▸ What is required: Nothing but the records themselves, exactly as written and free of pictures, should appear in your response.

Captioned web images
• • • •
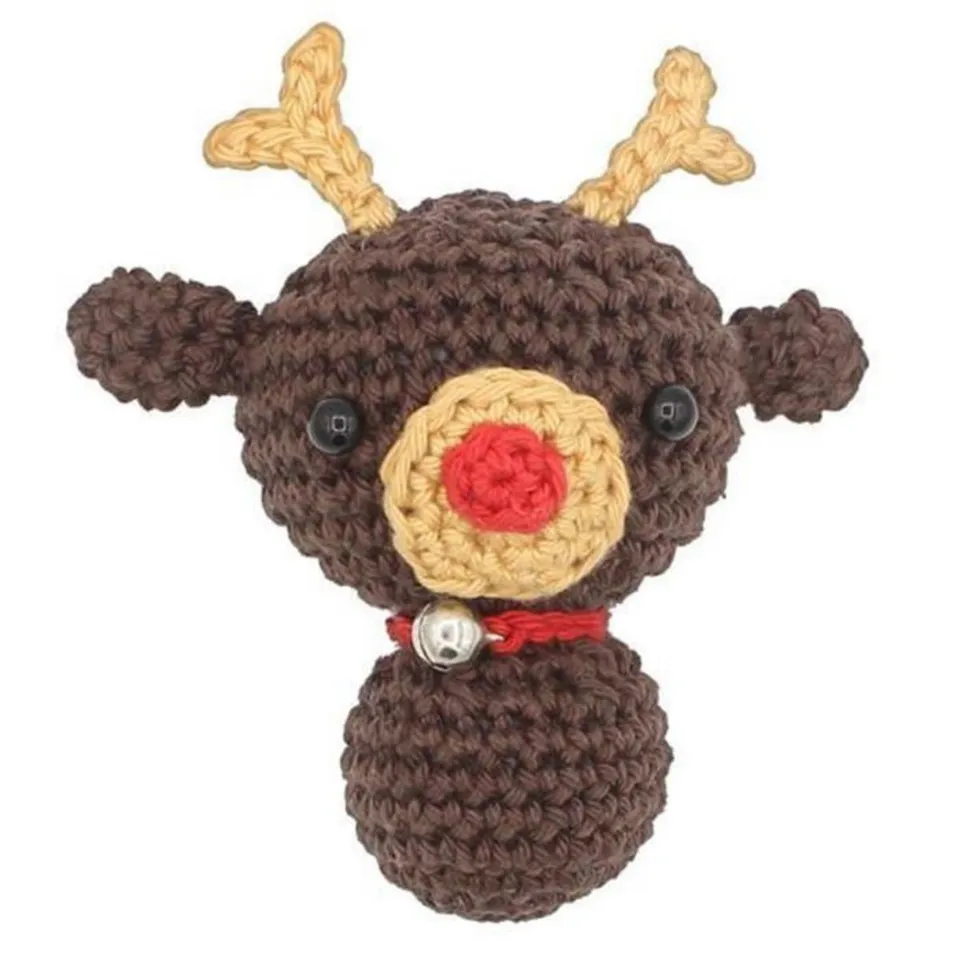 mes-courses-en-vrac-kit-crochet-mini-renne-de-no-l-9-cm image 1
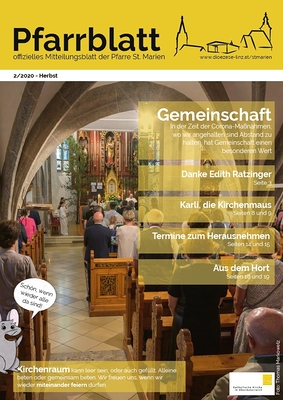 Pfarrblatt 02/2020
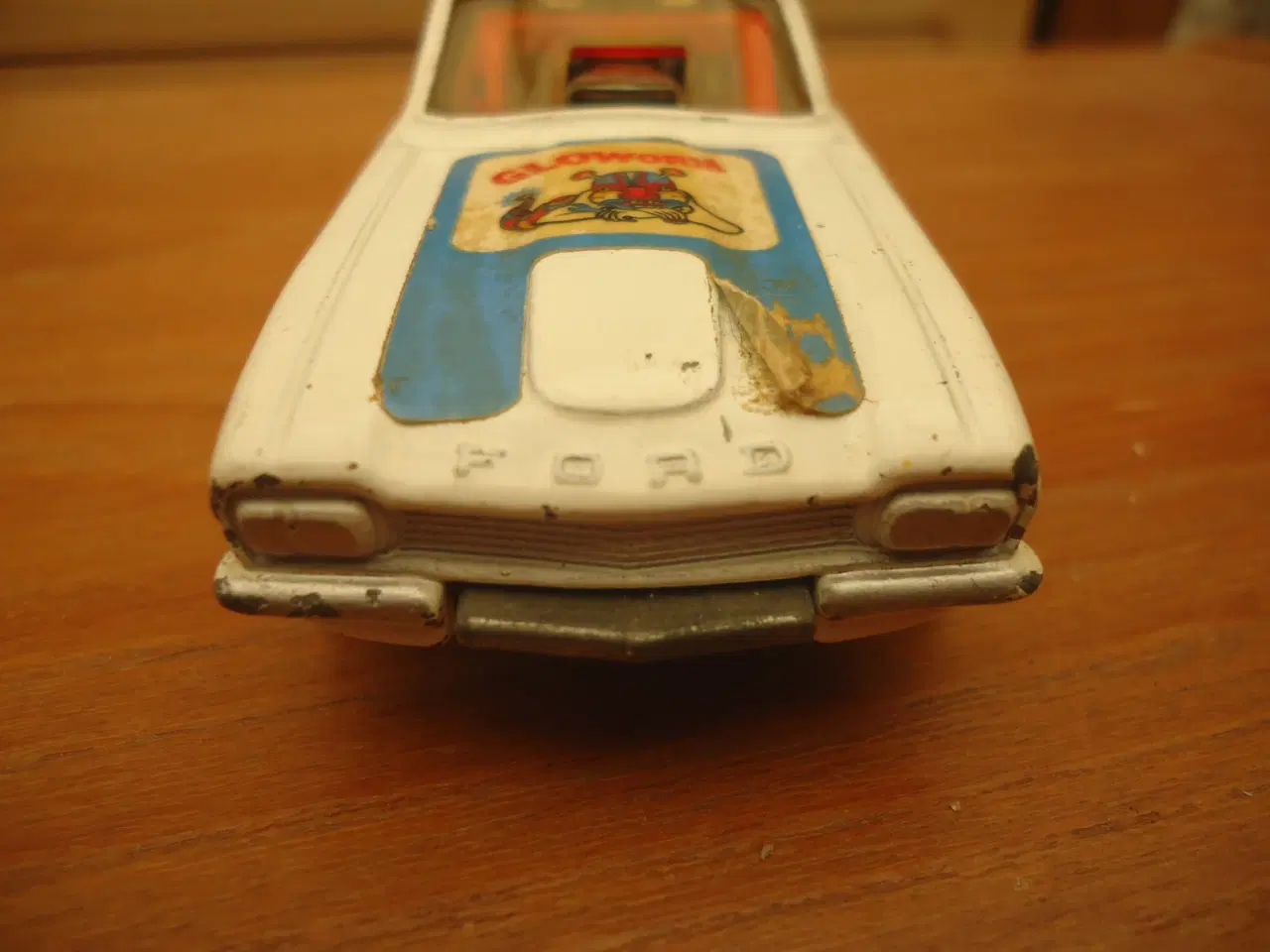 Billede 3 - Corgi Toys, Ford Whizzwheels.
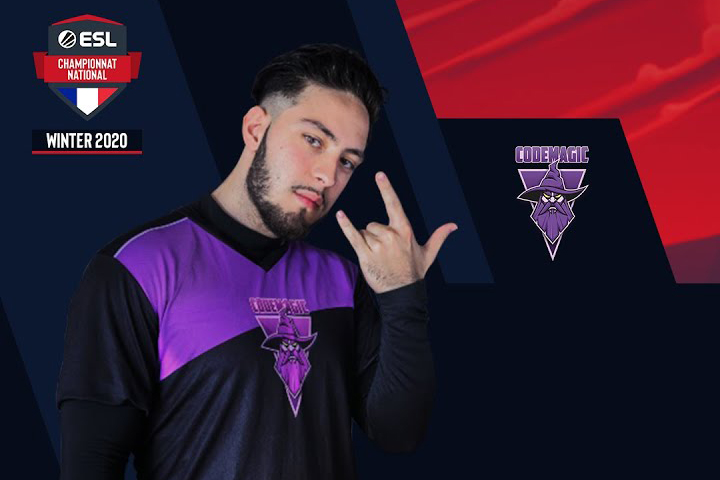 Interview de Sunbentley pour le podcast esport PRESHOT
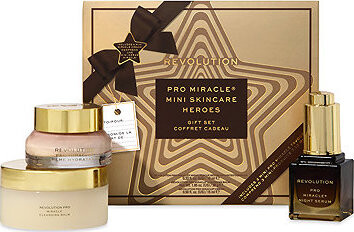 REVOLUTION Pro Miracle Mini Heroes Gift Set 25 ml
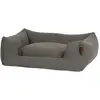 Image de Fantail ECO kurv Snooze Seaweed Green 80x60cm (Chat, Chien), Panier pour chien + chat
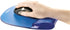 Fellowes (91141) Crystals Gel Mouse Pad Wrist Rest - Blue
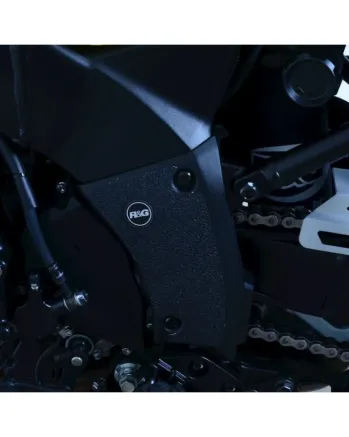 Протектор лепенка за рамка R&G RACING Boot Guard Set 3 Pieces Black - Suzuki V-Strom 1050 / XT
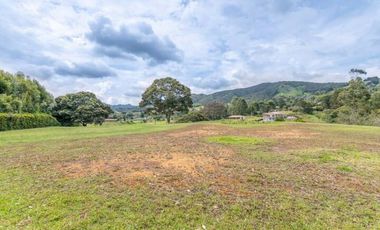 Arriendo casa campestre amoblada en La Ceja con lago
• • • •
▸ Solution to this problem:
 mes-courses-en-vrac-kit-crochet-mini-renne-de-no-l-9-cm image 1
 Pfarrblatt 02/2020
 Billede 3 - Corgi Toys, Ford Whizzwheels.
 Interview de Sunbentley pour le podcast esport PRESHOT
 REVOLUTION Pro Miracle Mini Heroes Gift Set 25 ml
 Image de Fantail ECO kurv Snooze Seaweed Green 80x60cm (Chat, Chien), Panier pour chien + chat
 Fellowes (91141) Crystals Gel Mouse Pad Wrist Rest - Blue
 Протектор лепенка за рамка R&G RACING Boot Guard Set 3 Pieces Black - Suzuki V-Strom 1050 / XT
 Arriendo casa campestre amoblada en La Ceja con lago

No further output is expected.